BEGIN Records for this task

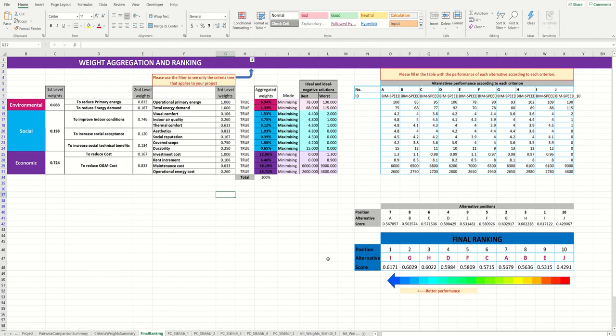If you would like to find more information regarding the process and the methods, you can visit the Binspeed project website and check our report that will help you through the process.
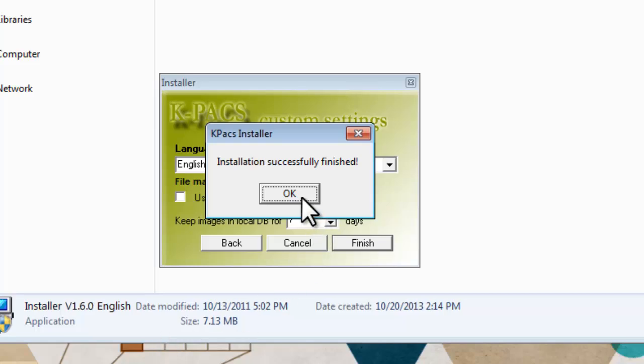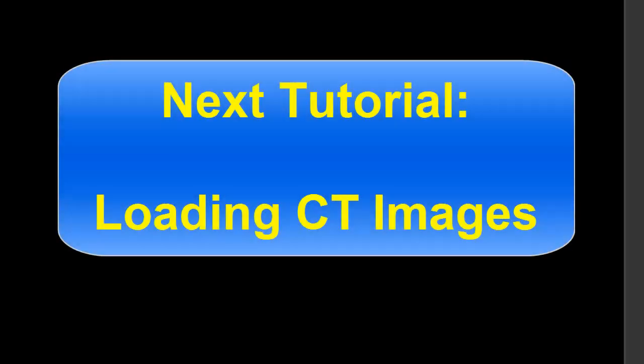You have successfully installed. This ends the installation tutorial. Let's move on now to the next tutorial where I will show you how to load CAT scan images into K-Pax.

END Records for this task
BEGIN Records for this task

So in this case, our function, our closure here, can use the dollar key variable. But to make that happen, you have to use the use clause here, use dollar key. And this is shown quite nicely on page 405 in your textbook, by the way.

END Records for this task

_What to work on_
Reproduce, exactly and only, the lines of the records above starting at the line with "If you would" and ending at the line with "You have successfully", both included. Leave every picture out.

_Your response_
If you would like to find more information regarding the process and the methods, you can visit the Binspeed project website and check our report that will help you through the process.
You have successfully installed. This ends the installation tutorial. Let's move on now to the next tutorial where I will show you how to load CAT scan images into K-Pax.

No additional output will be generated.